AI Audio Research

Every game sound is a WAV file somebody recorded. What if AI made them on the fly instead? I built a prototype. Every model was too slow. Then caching changed the question.

Role Solo Researcher

Type Bachelor Thesis

Year 2025 - 2026

Institution Howest DAE

Supervisor De Meulemeester Roel

Coach Van der Kelen Cedric

Unreal Engine 5 C++ Python PyTorch WebSocket AudioGen MMAudio ElevenLabs API CUDA

The Research

What I Tested and Why

Here's the thing about game audio: every gunshot, footstep, and explosion is a WAV file somebody recorded. A big game ships with thousands of them. Gigabytes of "sword hits metal." What if AI could generate these on the fly? Every hit would sound different. No more shipping audio banks the size of a movie. That's the dream. The problem is timing. Games run at 60fps - 16.7ms per frame. If a gunshot arrives 100ms after you pull the trigger, players feel it. I wanted to measure exactly how far off we are.

Unreal Engine 5 talks to a Python backend over WebSocket. Python loads the AI models, juggles VRAM on an 8GB GPU, and sends back raw PCM audio. I tested five approaches: procedural DSP (just math, instant but sounds like a ringtone), AudioGen (Meta's text-to-audio), MMAudio in two sizes (a video-to-audio model I hacked to accept text prompts), and ElevenLabs (cloud API, sounds great, latency is a lottery).
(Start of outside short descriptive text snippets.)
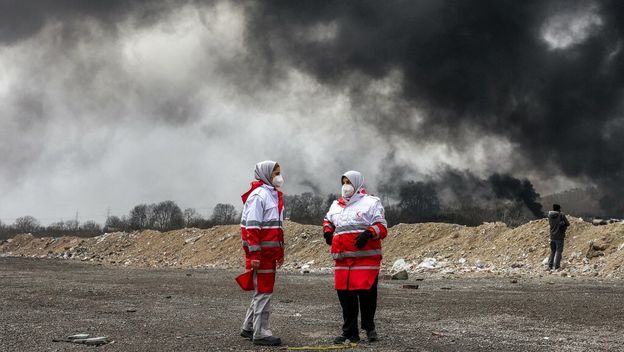 Pripadnice Iranskog društva Crvenog polumjeseca stoje pored crnog sukljajućeg dima nakon zračnih napada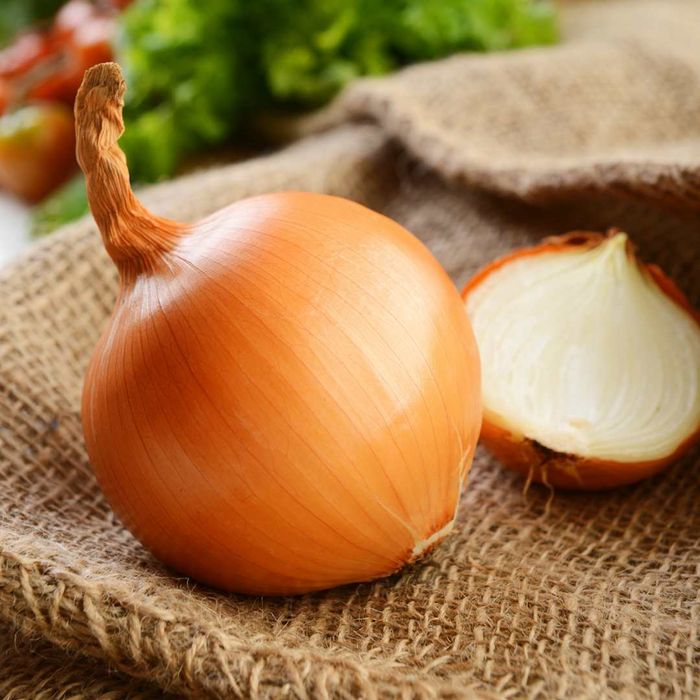 A yellow onion resting on a burlap backdrop.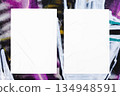 colorful urban wall texture with two wrinkled glued poster templates 134948591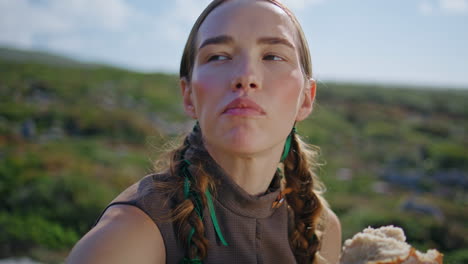 woman tasting delicious bread on green hill closeup. countryside girl smell loaf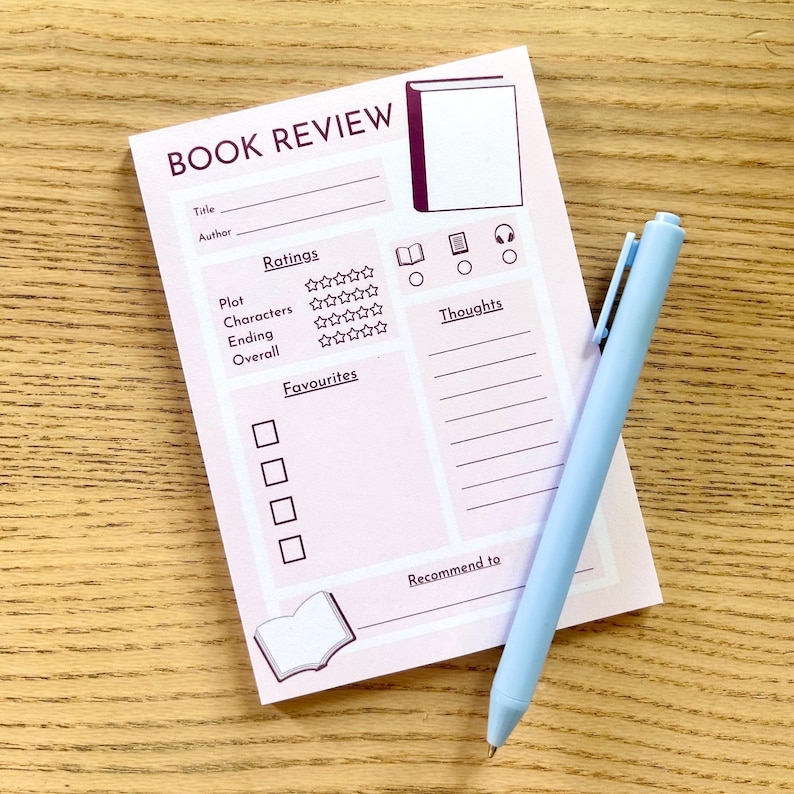 May include: A light pink book review notepad with sections for title, author, ratings, and thoughts. A light blue pen rests on the notepad. The notepad has a book graphic and the words "BOOK REVIEW".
I also tried TangoFlux - it wouldn't even start. Missing CUDA kernels for my RTX 5070's Blackwell chip. Wasted two days on that.

24 prompts. 5 sound categories - footsteps, impacts, UI clicks, ambience, music. Every prompt tested with all 5 methods, repeated 5 times. 600 generations total. Then 500 stress-test attempts per method to see how often things just break.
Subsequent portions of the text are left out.